TOP  |


Pinhole Optics: Musing Upon...

Date: Fri, 27 Jun 1997 19:13:47 -0700 (PDT)
From: William Beaty 
Subject: Re: Pinhole camera
On Fri, 27 Jun 1997, roger haar wrote:
> 	Several of us have been discussing the pinhole camera.  We 
> disagreed on using the terms "image" and "focus" in conjuction with
> pinhole optics.  I claim a pinhole does not focus and thus there is no 
> image in the sense of an image formed by a system of lenses.  My point is 
> that one should be able to treat the image formed by one optic system as 
> the object of another system, and that the formation of an image should 
> not depend of a viewing screen.

This is one of those fascinating places where decades of physics teaching have failed to illuminate a grey area. ;)

(I apologize for non-brevity. An emergency at work has resulted in lack of sleep and lots of coffee, and opened my floodgates.)

Also see:

EXPLORATORIUM: Bob Miller's "Light Walk"

> 	I suspect that this is one of those slippery points and I am being
> a bit picky,
Not at all. I suspect that the lack of detailed treatment of exactly this point has seriously hobbled our understanding of optics at the intuitive level. One might say that we suffer from unsuspected universal blindness regarding what is meant by "image". Extensive intuitive treatment of pinhole physics is missing from our education, and optical concepts suffer as a result. See the Exploratorium's material on "Image Walk" for more on these concepts.

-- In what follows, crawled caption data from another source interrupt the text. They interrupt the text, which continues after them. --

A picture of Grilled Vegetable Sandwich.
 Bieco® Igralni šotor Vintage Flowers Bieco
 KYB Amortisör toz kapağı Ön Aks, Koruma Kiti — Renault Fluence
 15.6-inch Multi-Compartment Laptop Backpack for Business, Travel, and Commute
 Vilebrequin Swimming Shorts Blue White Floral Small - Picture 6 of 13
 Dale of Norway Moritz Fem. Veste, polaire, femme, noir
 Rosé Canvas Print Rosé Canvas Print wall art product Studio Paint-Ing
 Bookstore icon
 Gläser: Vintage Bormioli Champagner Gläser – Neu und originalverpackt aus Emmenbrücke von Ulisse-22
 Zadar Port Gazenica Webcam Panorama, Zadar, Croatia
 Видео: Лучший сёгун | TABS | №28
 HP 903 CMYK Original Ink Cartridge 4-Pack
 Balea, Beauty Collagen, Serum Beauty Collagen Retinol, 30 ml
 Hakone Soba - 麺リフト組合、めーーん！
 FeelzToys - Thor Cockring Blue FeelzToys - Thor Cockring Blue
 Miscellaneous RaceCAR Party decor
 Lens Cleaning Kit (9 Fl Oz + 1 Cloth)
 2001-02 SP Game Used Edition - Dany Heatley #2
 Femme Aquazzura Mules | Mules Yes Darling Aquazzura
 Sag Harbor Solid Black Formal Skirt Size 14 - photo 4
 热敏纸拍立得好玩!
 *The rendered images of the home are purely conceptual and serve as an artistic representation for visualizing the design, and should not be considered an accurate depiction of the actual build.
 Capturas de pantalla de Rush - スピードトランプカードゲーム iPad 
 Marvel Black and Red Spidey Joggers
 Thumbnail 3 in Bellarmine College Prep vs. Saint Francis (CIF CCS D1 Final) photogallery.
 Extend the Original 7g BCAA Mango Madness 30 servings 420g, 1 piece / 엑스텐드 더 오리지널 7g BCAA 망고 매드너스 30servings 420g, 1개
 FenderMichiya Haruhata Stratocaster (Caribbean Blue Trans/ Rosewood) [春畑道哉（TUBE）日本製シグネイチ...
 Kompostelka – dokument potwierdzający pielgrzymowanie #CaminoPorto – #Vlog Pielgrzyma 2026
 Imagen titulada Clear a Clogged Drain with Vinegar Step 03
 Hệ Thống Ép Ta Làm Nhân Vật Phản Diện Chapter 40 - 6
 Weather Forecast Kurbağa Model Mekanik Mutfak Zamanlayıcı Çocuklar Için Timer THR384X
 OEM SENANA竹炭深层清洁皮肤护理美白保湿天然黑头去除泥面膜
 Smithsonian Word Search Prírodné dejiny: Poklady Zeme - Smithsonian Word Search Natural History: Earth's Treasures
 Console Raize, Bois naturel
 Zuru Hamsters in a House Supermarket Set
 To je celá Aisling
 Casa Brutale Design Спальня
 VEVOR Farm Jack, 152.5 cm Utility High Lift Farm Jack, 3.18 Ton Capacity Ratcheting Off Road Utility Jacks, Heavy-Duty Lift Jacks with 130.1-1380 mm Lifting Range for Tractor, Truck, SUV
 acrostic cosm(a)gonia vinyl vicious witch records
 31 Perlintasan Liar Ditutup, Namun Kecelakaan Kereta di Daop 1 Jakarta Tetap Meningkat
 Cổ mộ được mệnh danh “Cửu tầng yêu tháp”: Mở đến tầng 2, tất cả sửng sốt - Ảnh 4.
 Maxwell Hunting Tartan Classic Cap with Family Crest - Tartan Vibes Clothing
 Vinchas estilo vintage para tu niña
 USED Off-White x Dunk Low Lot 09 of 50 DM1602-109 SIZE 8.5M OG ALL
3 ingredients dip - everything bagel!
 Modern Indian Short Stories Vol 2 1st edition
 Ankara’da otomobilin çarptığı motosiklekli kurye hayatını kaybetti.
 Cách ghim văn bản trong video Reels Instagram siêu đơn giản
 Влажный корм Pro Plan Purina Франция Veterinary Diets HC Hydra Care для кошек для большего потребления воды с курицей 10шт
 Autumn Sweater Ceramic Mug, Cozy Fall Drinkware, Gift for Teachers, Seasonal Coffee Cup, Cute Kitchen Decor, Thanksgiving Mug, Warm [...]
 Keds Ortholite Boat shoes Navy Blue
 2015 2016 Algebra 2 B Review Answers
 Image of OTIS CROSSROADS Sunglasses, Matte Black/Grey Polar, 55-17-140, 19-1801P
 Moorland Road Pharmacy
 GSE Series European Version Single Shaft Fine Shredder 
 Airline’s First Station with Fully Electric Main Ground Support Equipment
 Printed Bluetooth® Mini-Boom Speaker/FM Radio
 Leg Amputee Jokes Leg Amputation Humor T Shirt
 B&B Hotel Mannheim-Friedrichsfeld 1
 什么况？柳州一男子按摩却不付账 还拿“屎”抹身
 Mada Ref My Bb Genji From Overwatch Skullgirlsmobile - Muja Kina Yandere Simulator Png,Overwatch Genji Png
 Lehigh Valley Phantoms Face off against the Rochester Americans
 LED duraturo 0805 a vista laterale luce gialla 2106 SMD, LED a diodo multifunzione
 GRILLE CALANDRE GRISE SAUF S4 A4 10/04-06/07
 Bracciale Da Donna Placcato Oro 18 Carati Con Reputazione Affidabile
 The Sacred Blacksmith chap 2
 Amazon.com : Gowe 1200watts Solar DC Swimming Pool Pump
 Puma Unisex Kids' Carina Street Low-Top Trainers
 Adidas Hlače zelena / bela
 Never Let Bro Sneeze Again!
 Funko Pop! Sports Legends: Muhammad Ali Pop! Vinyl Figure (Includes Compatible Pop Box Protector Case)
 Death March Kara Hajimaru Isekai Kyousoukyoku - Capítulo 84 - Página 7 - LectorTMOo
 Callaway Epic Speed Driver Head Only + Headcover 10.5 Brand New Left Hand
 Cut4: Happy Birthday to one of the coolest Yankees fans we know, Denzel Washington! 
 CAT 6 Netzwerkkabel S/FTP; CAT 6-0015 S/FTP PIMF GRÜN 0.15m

Years ago I attempted to design an explanation of simple optics at the 5th grade (general public) level using a set of cartoons, and I immediately ran into Roger's above problem. If we build a visual/intuitive concept of the operation of common optical devices (cameras, etc.), we immediately discover that real-world optical devices are a mingled combination of pinhole optics and lens optics.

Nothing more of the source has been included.